Con la chiusura, nel 1845, del “Real Teatro San Matteo” ospitato nella Chiesa di San Benedetto, Salerno rimase senza teatro fino a quando, per volere del sindaco Matteo Luciani, fu costruito l’attuale Teatro Municipale intitolato a Giuseppe Verdi. Fu progettato nel 1863 ed i lavori iniziarono nel 1864.

La struttura fu ultimata nel 1869 e le decorazioni e gli arredi furono pronti nel 1872, quando, con la rappresentazione del Rigoletto di Verdi, avvenne l’inaugurazione a cui fu invitato anche il maestro che però non presenziò all’evento. Nonostante ciò nel 1901, anno della sua morte, la città decise di intitolargli il teatro municipale.

Nel 1903 furono sostituite le sedie imbottite con sedie Vienna ricoperte di velluto ed i palchi furono restaurati e nel 1922 fu rinnovato l’arredo e l’impianto di illuminazione passò dall’alimentazione a gas a quella elettrica.

Occupato dalle truppe alleate nel 1944, il teatro subì notevoli danni e riaprì solo nel 1952. Nel 1980 il devastante terremoto dell’Irpinia danneggiò seriamente la struttura che rimase chiusa fino al completamento del restauro nel 1994.

Architettura

Il teatro fu costruito ispirandosi alla struttura del Teatro San Carlo di Napoli, pur risultandone cinque volte più piccolo. Infatti parte dell’edificio è occupato dalle sale del Casino Sociale, nell’Ottocento punto di ritrovo dell’aristocrazia cittadina ed oggi club esclusivo. Il teatro presenta quattro fila di palchi, un loggione, una platea ed un palcoscenico. I posti sono 307 in platea e 300 nei palchi che sono dotati di camerino di servizio.

Le decorazioni interne furono operate da Fortunato D’Agostino e suo figlio Gaetano D’Agostino, i quali furono affiancati dai migliori artisti salernitani e partenopei. Sui medaglioni dei palchi sono rappresentati grandi musicisti, poeti ed artisti (Leonardo, Giotto, Giuseppe Verdi ed altri) e sul soffitto della sala è rappresentato Rossini su una balaustra che dirige le sue opere.

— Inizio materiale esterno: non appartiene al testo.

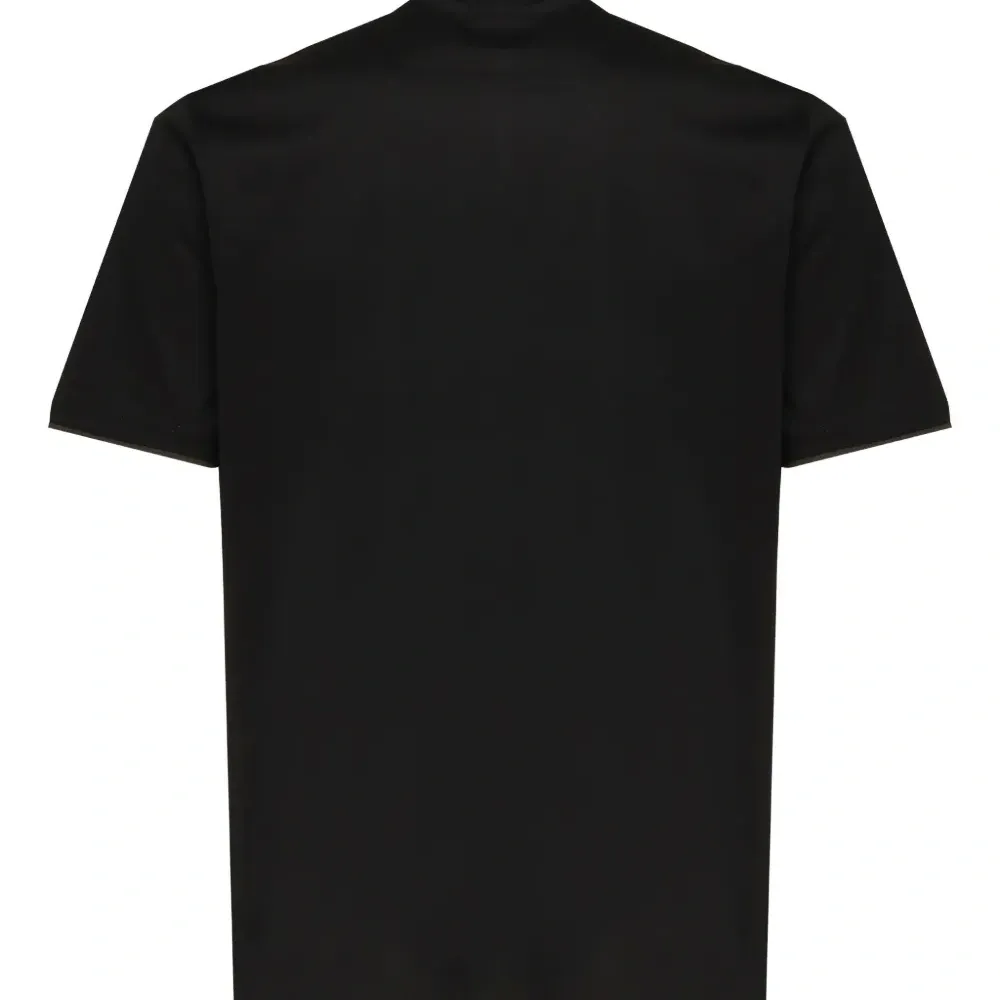 футболка с круглым вырезом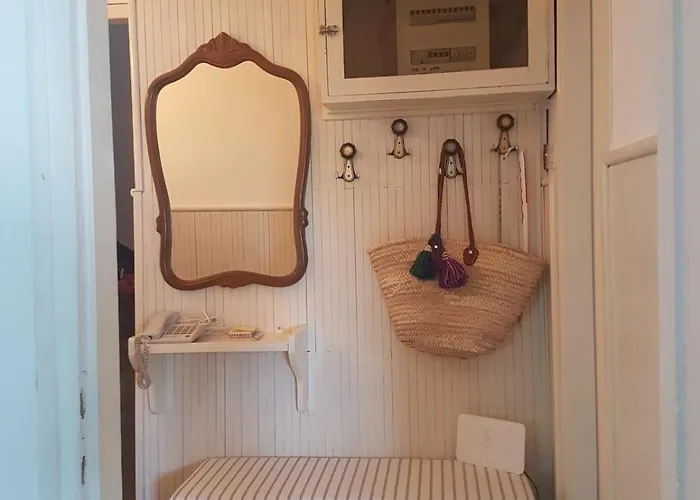 度假居 House In *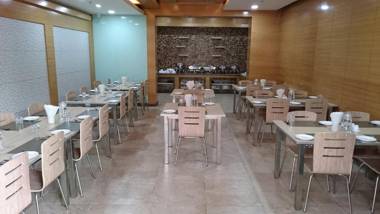 Rosewood International Hotel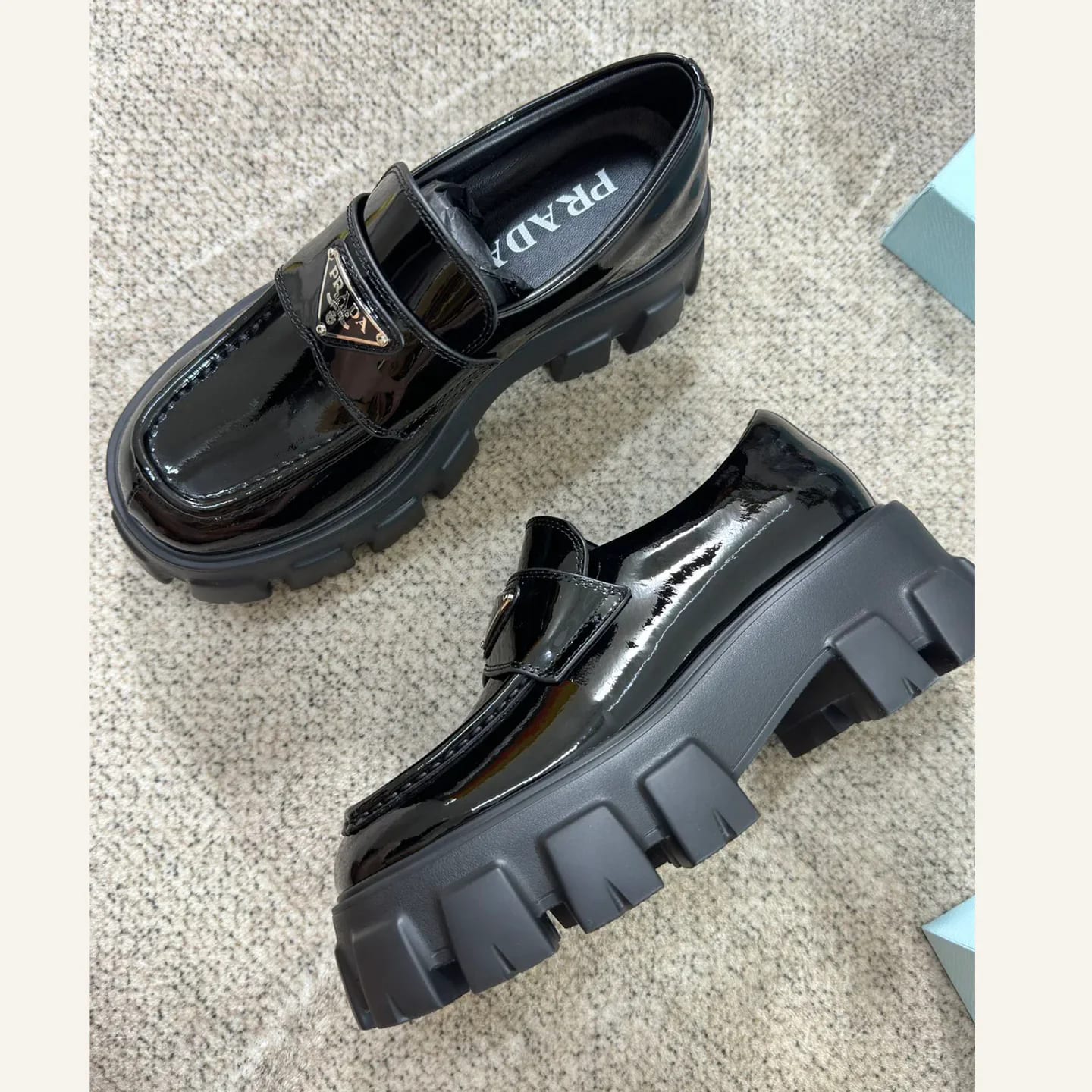 Prada Monolith Patent Loafer 縮圖 3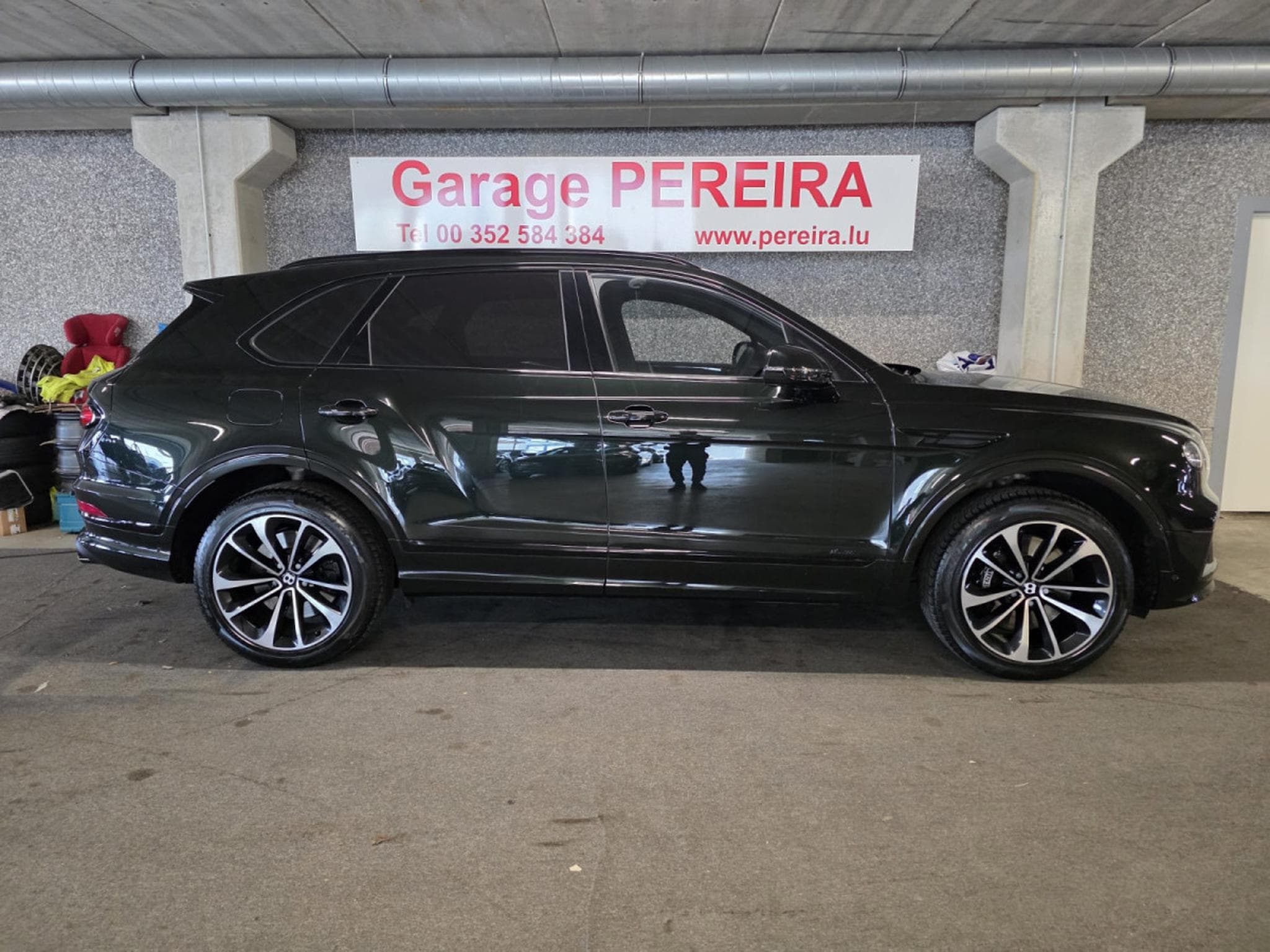 Bentley Bentayga Bentayga 4.0 V8 4WD PANO CUIR COC SOFTCLOSE (2023) - Photo 2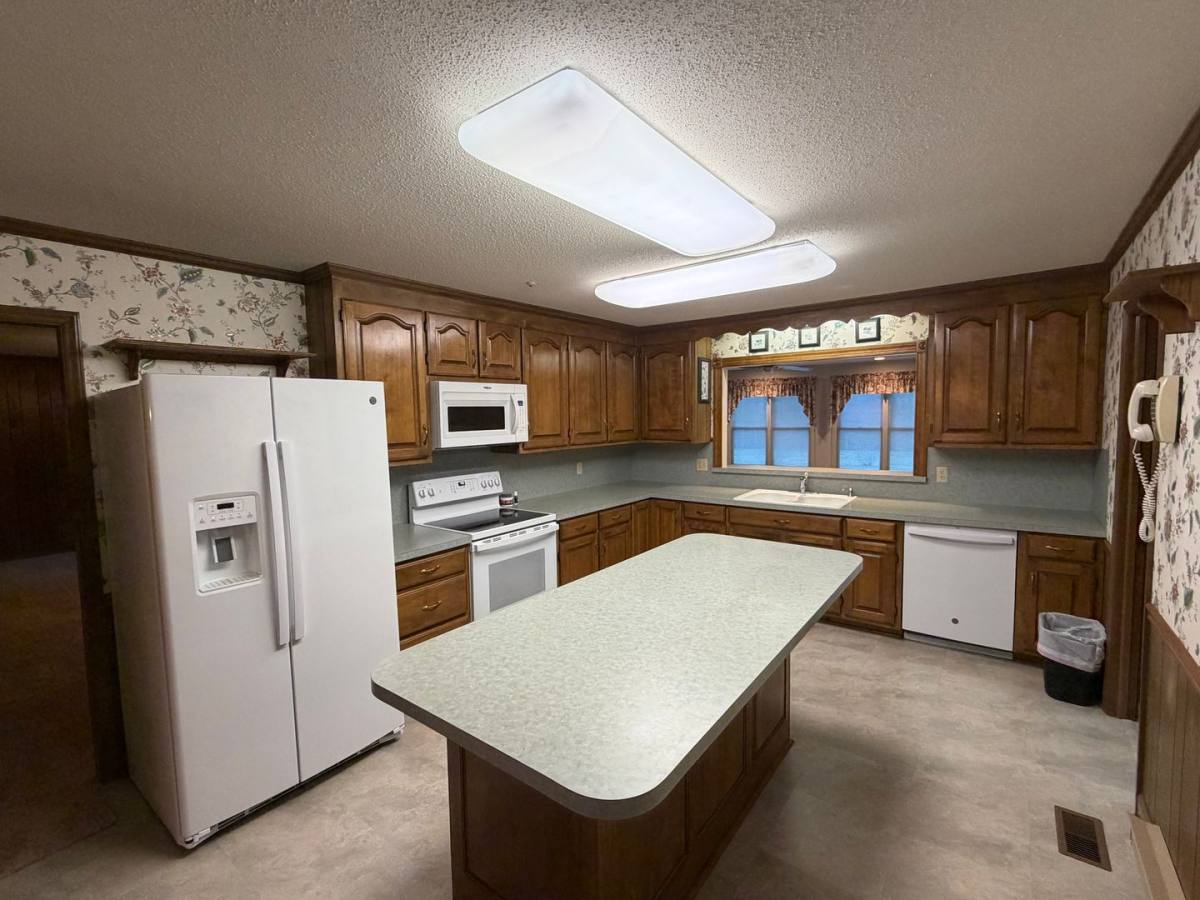 House for rent at 6811 Oakdale Rd, Liberty, NC 27298
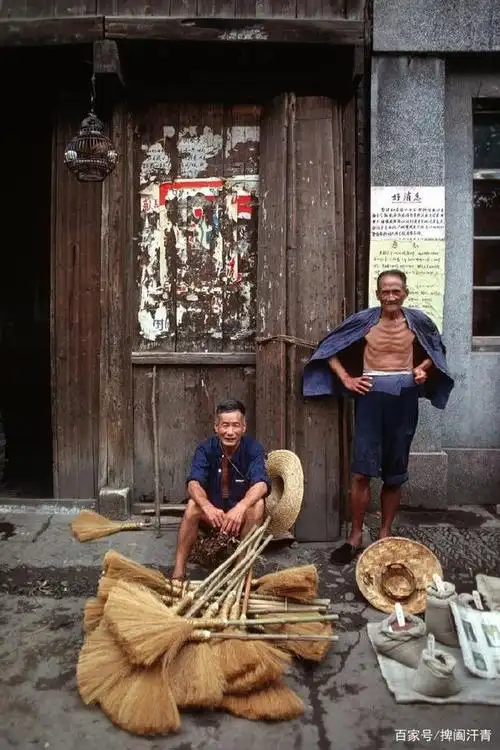 老照片:1982年的安徽歙县,中国的徽墨之都和歙砚之乡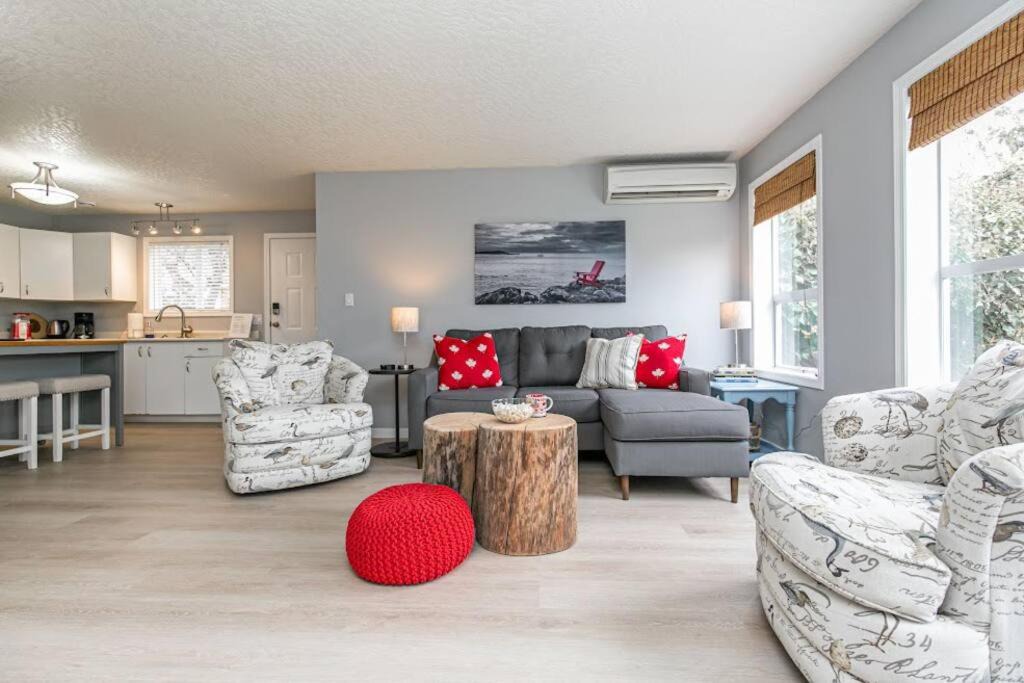 Colwood Apartment | Lovely 2 bedroom suite steps from The beach
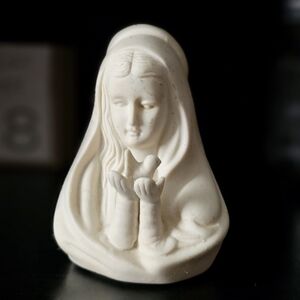 Vintage Porcelain Figurine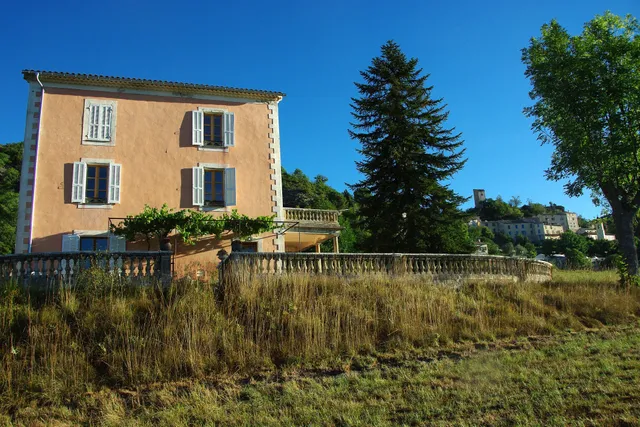 La villa du Collet / Chambres d'hôtes / Agriturismo / B&B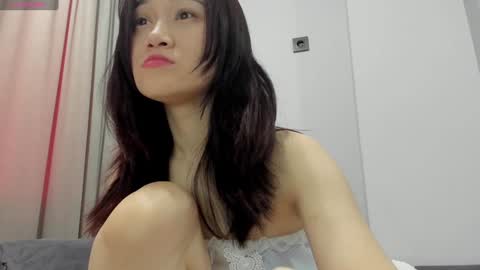 Aenie online show from January 5, 10:43 am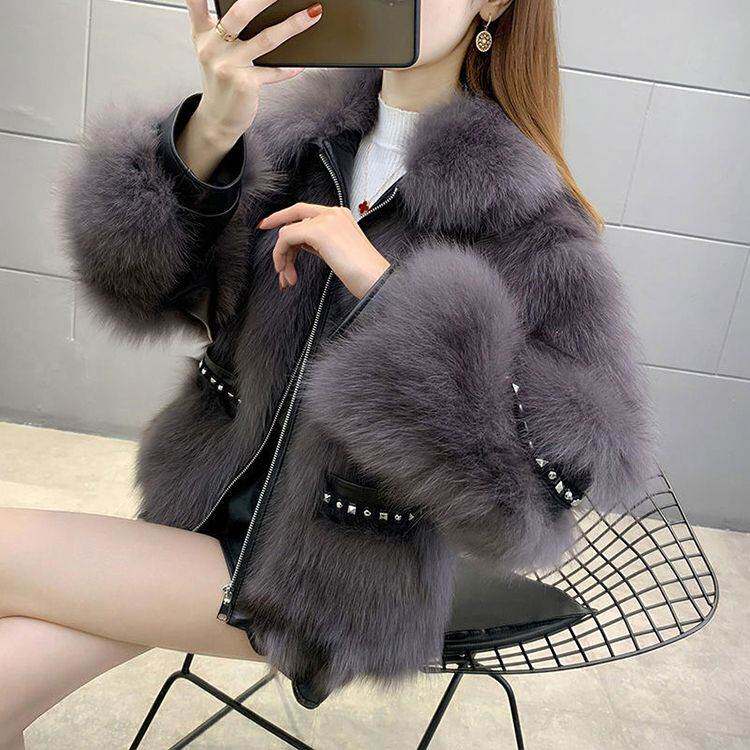 韩版时尚短款皮草外套女2021冬新款设计感铆钉蝙蝠袖皮毛一体大衣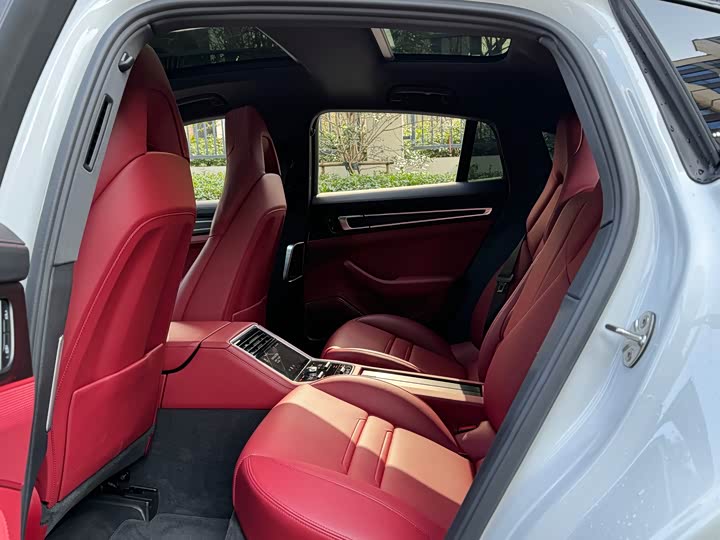 Фото 7 - Porsche Panamera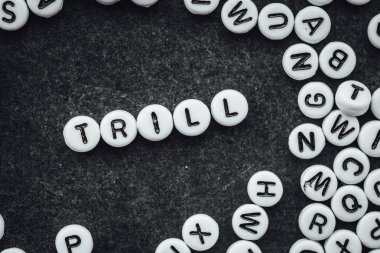 Koyu arkaplanda kelime Trill küçük alfabe harflerinden yapılır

Molto bello è anche il sipario del Morelli, definito all’epoca il più bello d’Italia, e dotato di un grande arazzo decorato con polvere d’oro e su cui è rappresentata “La cacciata dei Saraceni da Salerno”. L’arazzo fu esposto nel Palazzo Reale di Napoli ed i bozzetti del Morelli sono conservati nella Galleria Nazionale di Roma. Il sipario fu sottratto alle deturpazioni ed ai danni provocati dall’occupazione dell’esercito alleato grazie a due vecchie custodi che, aiutate da gente comune, lo smontarono e portarono in salvo.

Nell’ingresso del teatro è posta una scultura di Giovanni Battista Amendola, il “Pergolesi morente”, che simbolicamente accompagna lo spettatore nel tempio della musica.

La prosa e la lirica

Il Teatro Verdi ha spesso ospitato importanti compagnie di prosa e ha visto esibirsi artisti del calibro dei fratelli De Filippo, Gassman e Albertazzi.

Ma la sua vera vocazione resta la lirica, cosa del tutto naturale per il teatro che, nel 1897, vide muovere i primi passi di un giovanissimo Enrico Caruso e di cui conserva, nella sala del botteghino, la porta del camerino autografata.

Infatti, nel 2007, è stato nominato direttore artistico Daniel Oren che ha portato il Verdi di Salerno ad occupare una posizione di eccellenza nel panorama della lirica nazionale con l’esibizione di grandissimi artisti di fama mondiale come: Marcelo Alvarez, Renato Bruson, la Royal Philharmonic Orchestra, Nikolai Lugansky, la Wiener Kammerensemble, Alexei Volodin, Martina Serafin e la Sapporo Simphony Orchestra.